The "slow" compilation speed of TeX has two main reasons:
- It cannot parallelize. Games, GUIs etc. (what you refer to) do use multi-threading to speed up their execution. Because TeX builds up pages gradually (with counters, …) this is not an option and there are some questions about this aspect on the site (see e.g. here), apart from those asking about using the GPU (see e.g. here).
- TeX is a macro expansion language. This kind of "programming" is not necessarily the fastest, but the developers (not engine-wise, but format-wise) try hard not to impose any slow-downs here. That's why some kernel code looks a bit cryptic. And concerning the engines optimization is one of the main concerns.
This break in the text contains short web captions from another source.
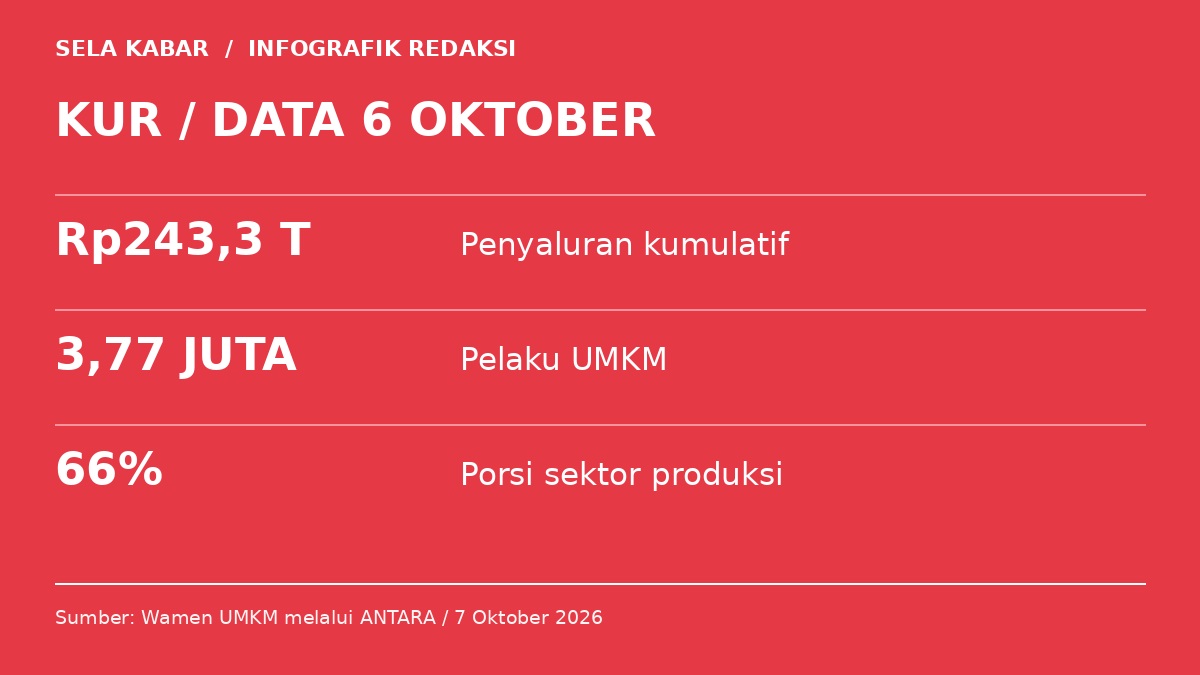 Infografik: KUR / DATA 6 OKTOBER. Rp243,3 T — Penyaluran kumulatif; 3,77 JUTA — Pelaku UMKM; 66% — Porsi sektor produksi.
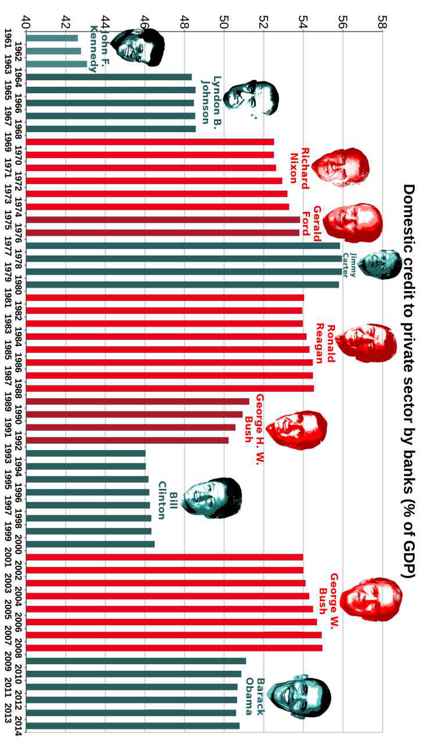 Best Governments in 240 Graphs 2015 - photo 60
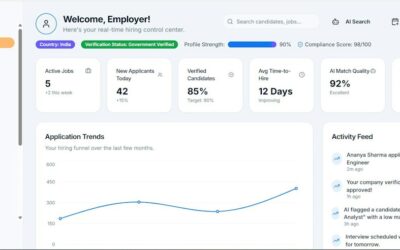 Unverified Ownership Is a Finding, Not a Compliance Score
Just to back up the second point: A primary cause of slow compilation is the general understanding what TeX should do for you. Whenever you load PGF/TikZ or pstricks or something along these lines you essentially use TeX for something it has not been designed for. TeX should do mathematical and text typesetting (and it does that well), it should not produce complex graphics with shadows, draw ducks, plot functions or anything like this. There is a reason TikZ support externalization because this reduces the computations the macro layer has to do on each run.
At some point in history, there were attempts to write a modern TeX engine (NTS, ExTeX, …) – those two in Java – which should be fast and maintainable. But even these "modern" engines are single-threaded and cannot compete with the Web/C driven engines in terms of performance. Even LuaLaTeX as "modern real-world" engine cannot compete with pdflatex on simple documents.